Kreativer Widerstand gegen die Misere
Die unkommentierte, über Crowdfunding finanzierte Dokumentation listet nicht nur eine Vielzahl solcher, teils tragischer Fälle in mehreren Städten auf, sondern zeigt auch ausgiebig mehr oder minder kreative Formen des Widerstands gegen die Misere. Dabei wäre die eine oder andere Demonstration oder das künstlerisch angehauchte Happening allerdings durchaus verzichtbar gewesen. Ähnliches gilt für die Anzahl der Fallbeispiele. Ob nun in Berlin oder in Hamburg eine Wohnung durch eindringendes Wasser von Schimmel befallen ist, sieht in beiden Fällen ziemlich ähnlich aus, und auch die Hintergründe der Missstände sind in der Regel identisch.
Über die Ursachen der deutschen Wohnungsmisere informiert in erster Linie der Berliner Stadtsoziologe Andrej Holm, der aufzeigt, wie nach der Abschaffung der Wohnungsgemeinnützigkeit 1990 die Städte im großen Stil ihre Flächen und Gebäude teilweise zu Spottpreisen an private Investoren verkauften und zugleich den sozialen Wohnungsbau immer mehr reduzierten. Doch selbst wer eine geförderte Wohnung mit gedeckelter Miete ergatterte, ist nicht für alle Zeiten auf der sicheren Seite, da die Sozialbindung von Wohnungen in Deutschland befristet ist. Deshalb nennt Holm das System auch eine „Subventionierung privatwirtschaftlicher Interessen mit einer sozialen Zwischennutzung“. Wie der Film darlegt, gibt es diese Befristung in London nicht. Dafür aber wurden dort zahlreiche Häuser in attraktiver Citylage in den letzten Jahrzehnten dem Erdboden gleichgemacht. Den Mietern wurden allerdings Wohnungen am Stadtrand von London als Ersatz angeboten.
Wien ist eine Ausnahme
Natürlich darf in einem solchen Film Wien als rühmliche Ausnahme unter den europäischen Metropolen nicht fehlen. Weil die Stadt darauf verzichtet, ihre Immobilien und Grundstücke an Investoren zu veräußern, leben dort über 60 Prozent der Menschen in kommunal geförderten Wohnungen mit äußerst moderaten Mieten. Weil sich das Menschen aus allen sozialen Schichten leisten können, halten sich dort auch Phänomene wie Gentrifizierung und Ghettobildung in Grenzen.
Etwas überraschend führt der Film, der sich ansonsten streng antikapitalistisch gibt, auch noch das autokratisch regierte Singapur als Modell für ein menschenwürdiges Wohnen an.
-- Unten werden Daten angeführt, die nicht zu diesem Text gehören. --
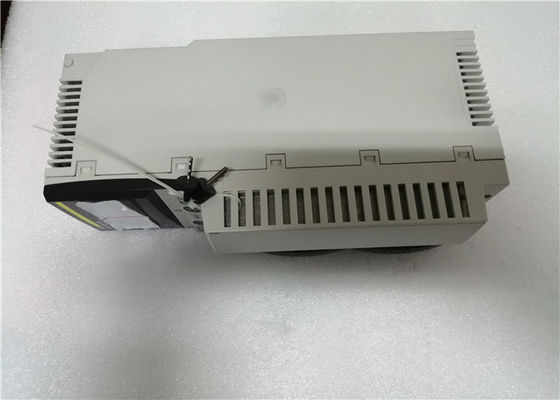 Конфигураций PLC Schneider электрические TSX3721001 TSX микро- 37 21 22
Nach dem Abzug der britischen Kolonialmacht Mitte der 1960er-Jahre hat der Stadtstaat durch Enteignung 80 Prozent der Grundstücke erworben und die Bewohner der Stadt genötigt, ihre Wohnungen über Erbpachtverträgen zu kaufen.
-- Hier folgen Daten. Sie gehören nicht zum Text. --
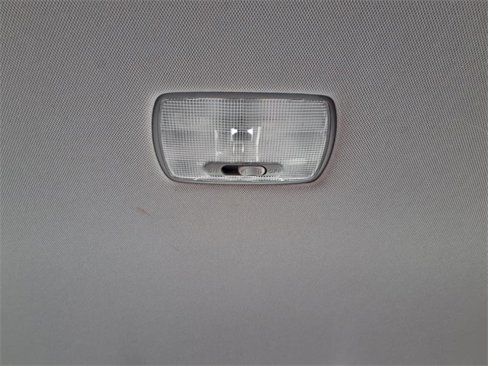 Used 2013 Honda Accord LX image 20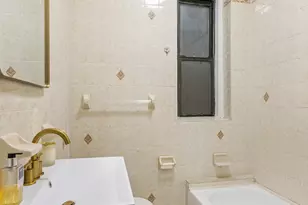 8735 Bay Pkwy, New York City, NY 11214 - Photo 4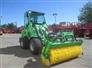 Unspecified 1500 Rotary Broom A35284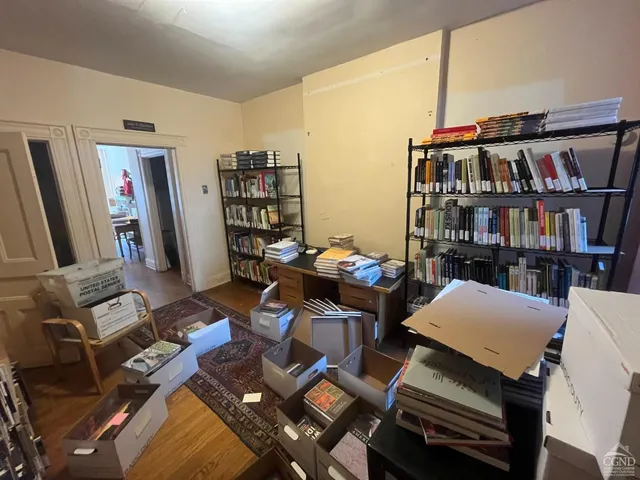 $1,499 | 518 Warren Street, Hudson, NY 12534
Die engagierte Dokumentation „Sold City – Die marktgerechten Mieter*innen“ von Leslie Franke bietet zahlreiche Einblicke in die Misere mehrerer Städte, wo das Wohnrecht zum Großteil dem freien Markt überlassen wird und es Investoren nur um den Profit geht. Filmisch hat die Produktion allerdings wenig zu bieten, was eine Kinoleinwand erforderlich machte. Und mit seinen zahlreichen Redundanzen ist der Zweiteiler mit insgesamt 204 Minuten entschieden zu lang geraten.